The New Horizons 26 is a recreational keelboat initially marketed as the New Horizons 25.

==Production==
The boat was introduced at the New York Boat Show in 1957 and 30 boats were sold at that show, marking it as an instant commercial success for the builder, Ray Greene & Company in Toledo, Ohio, United States. The design was built starting as a 1958 model and running until about 1966, with 175 boats were completed.

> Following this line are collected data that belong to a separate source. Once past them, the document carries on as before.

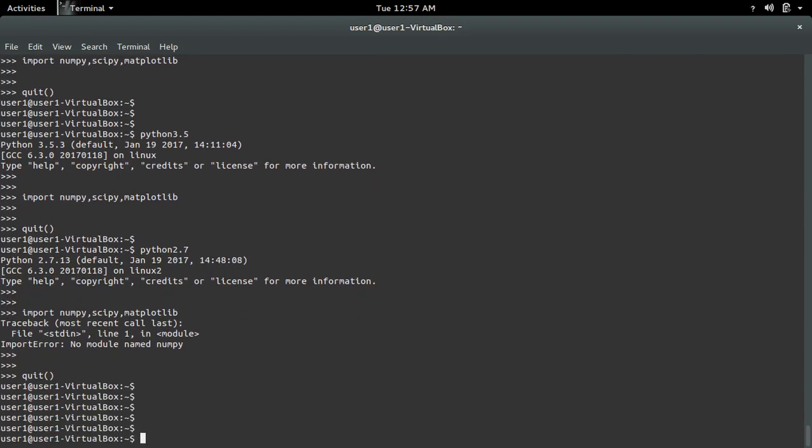So if you want to install these packages for python2.7, you have to use this command: sudo pip. Instead of pip3, we have to use pip.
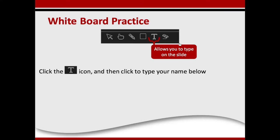Let's practice on the whiteboard because we'll have you engaging throughout the session. Go to the top of your screen and click on the T. Click on the T and a color palette will pop up. Click on the color palette, select your color, and then type in the whiteboard. The screen is a whiteboard I've created so that you can actually type on the screen.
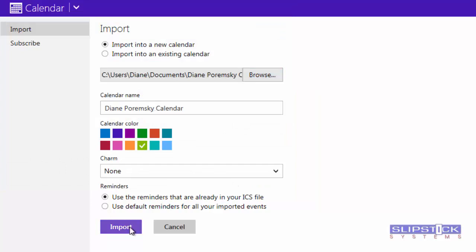When your selections are made, click Import. It'll take a few minutes to import your calendar. If it's very large, it may take 30 minutes to import it.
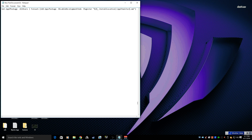If you stumbled across this video, chances are your search bar or search button and your Windows button are not working — you click on them but nothing happens. I'm going to show you guys how to fix this right now.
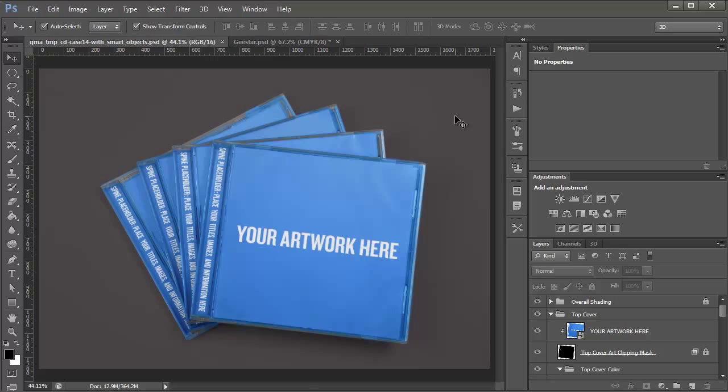Hey guys, in this video I just wanted to show you how these mockup templates work and go over some of the changes that GoMedia has made.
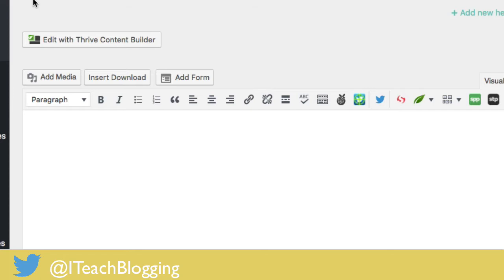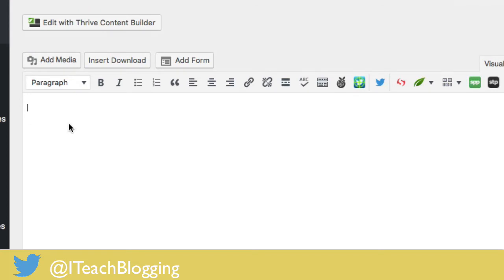have you ever opened up your WordPress blog post and you come here to edit, and you start typing away, and then you realize that some of your buttons are missing? Something's not right. Where the heck did they go? Well, if this happens to you, it's super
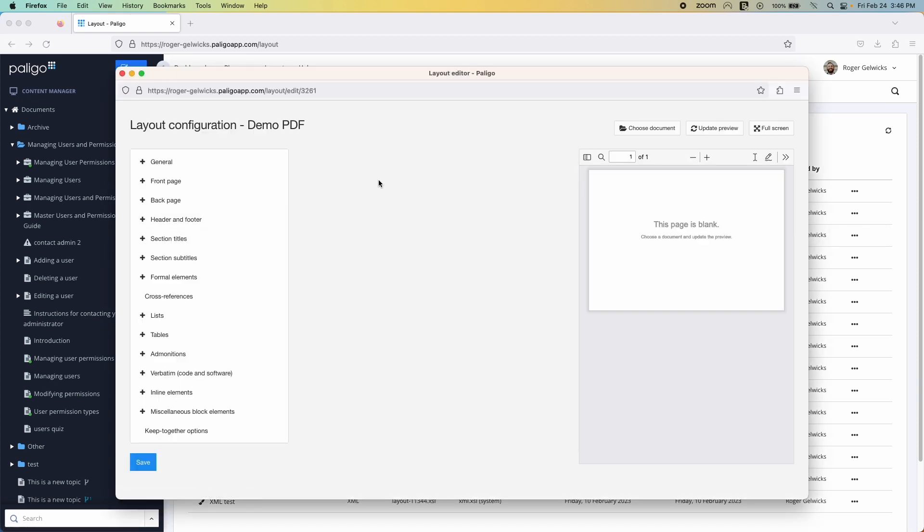Any way you need your published PDF documents to appear, Paligo's PDF layout editor could help you get the desired look, including customizing the document formatting according to your branding, or designing an attractive front and back cover. You could even see a preview of what the document would look like as you edit the layout.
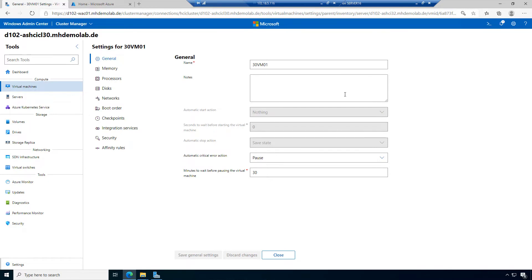If you are familiar with Hyper-V Manager, it's still available, but we want to focus on Windows Admin Center. We have the name of the virtual machine, we can add notes, automatic start action is set to nothing, and automatic stop action is safe state.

The boat was the first Sparkman & Stephens production design especially for construction in fiberglass, which was then a new material for boatbuilding. Green's company was an early adopter of fiberglass construction.

==Design==
It was Sparkman & Stephens design #1235. The New Horizons 26 is built predominantly of fiberglass, with wood trim. It has a masthead sloop rig, a raked stem, an angled transom, a keel-mounted rudder controlled by a tiller and a fixed, stub, modified long keel, the retractable centerboard. It displaces 6030 lb and carries 1600 lb of ballast.

The boat has a draft of 6.42 ft with the centerboard extended and 3.00 ft with it retracted, allowing operation in shallow water or ground transportation on a trailer.

The boat was factory-fitted with a Universal Atomic 4 25 hp gasoline engine for docking and maneuvering, but could optionally be fitted with a small 8 to 25 hp outboard motor. The fuel tank holds 15 u.s.gal and the fresh water tank has a capacity of 15 u.s.gal.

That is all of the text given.